I'm using Elasticsearch to retrieve a few logs:
http:/localhost:9200/collection/_search?q=type:"log"
It brings me a few hits like this:
{
"_index": "collection",
"_type": "doc",
"_id": "UL878GMBYKUUOvfyQJWl",
"_score": 6.487114,
"_source": {
"@version": "1",
"type": "log",
"message": "64.242.88.10;[07/Mar/2004:16:11:58 -0800];"GET /twiki/bin/view/TWiki/WikiSyntax HTTP/1.1\"; 200 7352\r",
"@timestamp": "2018-06-11T19:03:23.163Z",
"host": "logstash",
"path": "/opt/access_log.log"
}
}
Each hit has a "message", that is like a line from a CSV "access_log.log".
But every info useful is inside "message" as only one big String.
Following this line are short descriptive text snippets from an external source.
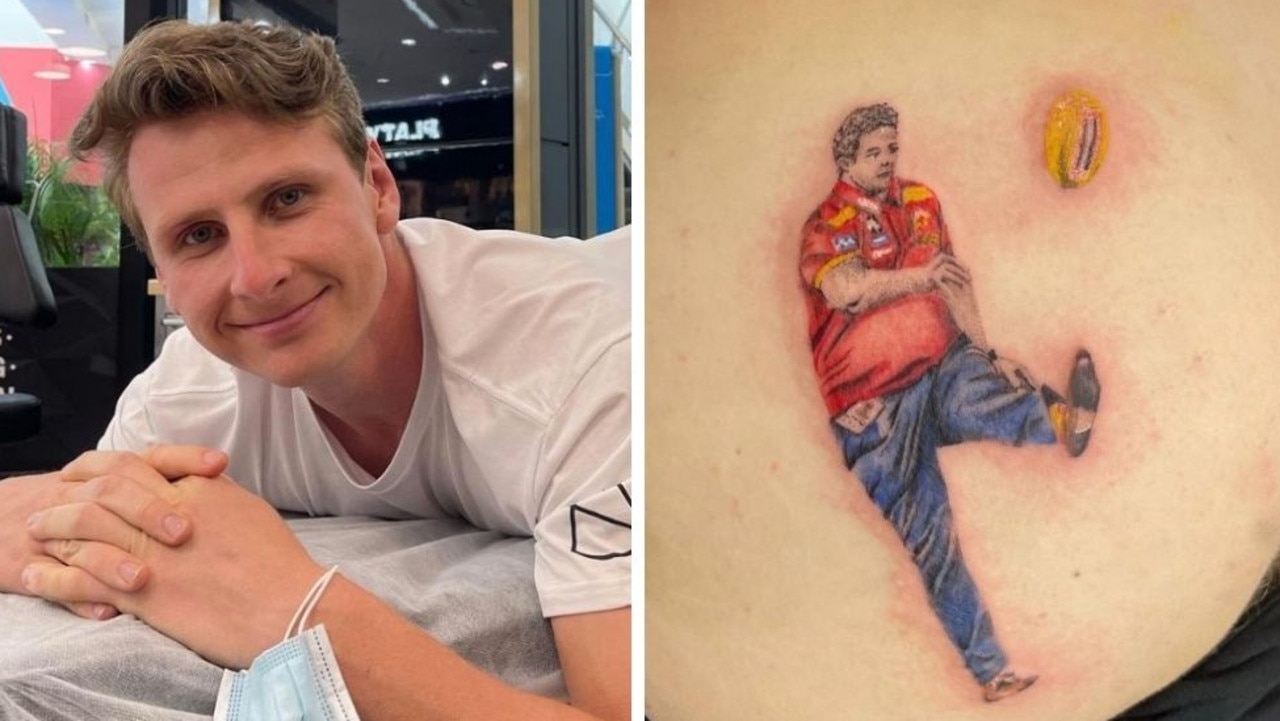 Daniel Gorringe now has a tattoo of Gold Coast Suns coach Stuart Dew on his backside.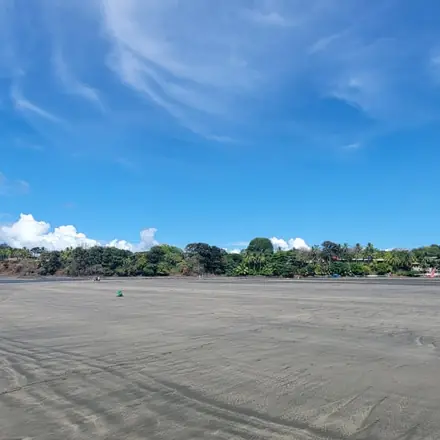 A wide, empty beach at low tide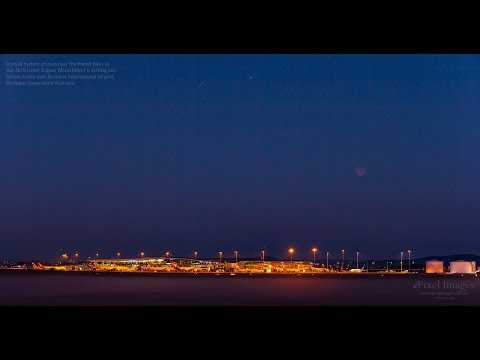 The 2018 Lunar Eclipse Blood Moon sets over Brisbane International Airport, Brisbane, Australia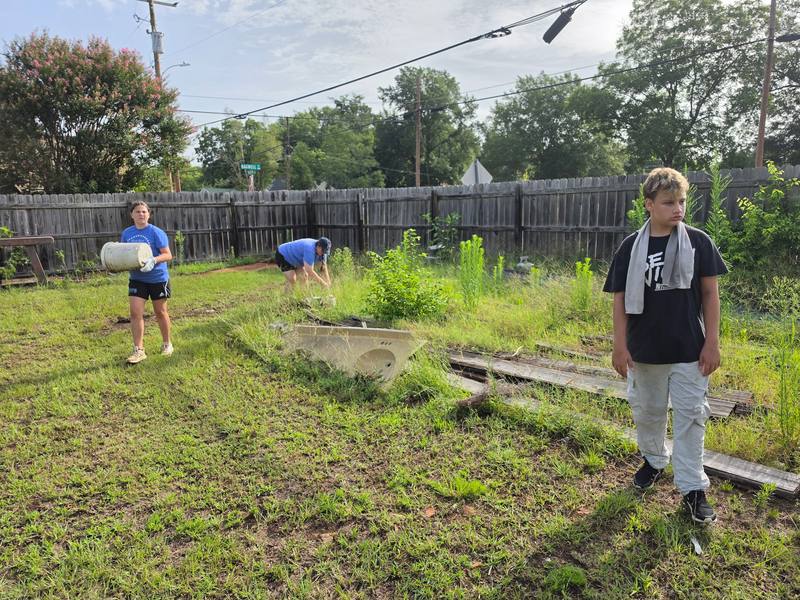 Volunteers standing across the cleanup site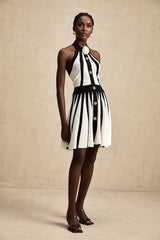 A sleeveless knitted mini dress with contrasting colors named Celeste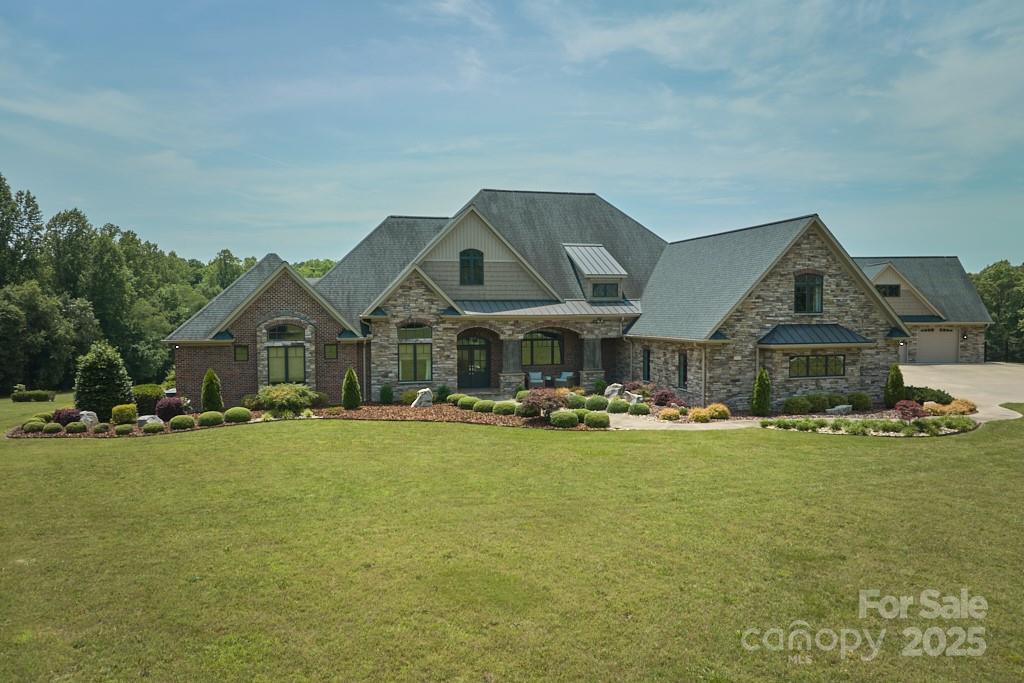 Experience luxury in this 8,210 sq ft masterpiece, designed for elegance and functionality. This residence boasts a main floor with 3 bedrooms, 3.5 baths, laundry room, and study. The master suite offers a private sitting area with breathtaking property views and a luxurious bathroom complete with heated floors. The open-concept layout seamlessly connects the gourmet kitchen—featuring custom cabinetry, oversized island and Thermador appliances—to a spacious living area with a stone gas fireplace that flows onto a balcony overlooking the private estate. The oversized bonus room includes a large bedroom and full bath. Custom ironwork railing leads you into the open concept 3,141 sq ft basement with exposed structural steel beams including kitchen, fitness room, additional room, and two full bathrooms. The outdoor oasis includes a swimming pool, hot tub, and a double-sided gas fireplace.
A detached 3-level garage reinforced with steel beams includes a bonus area above.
So I need to extract somehow to identify the server IP (64.242.88.10) for example.
How can I split this "message" string using ";" as regex so that I can get only the data I need?
You can use grok filter plugin for that.
Grok is a great way to parse unstructured log data into something structured and queryable.
This tool is perfect for syslog logs, apache and other webserver logs, mysql logs, and in general, any log format that is generally written for humans and not computer consumption.
Logstash ships with about 120 patterns by default. You can find them here: https://github.com/logstash-plugins/logstash-patterns-core/tree/master/patterns. You can add your own trivially. (See the patterns_dir setting)
If you need help building patterns to match your logs, you will find the http://grokdebug.herokuapp.com and http://grokconstructor.appspot.com/ applications quite useful!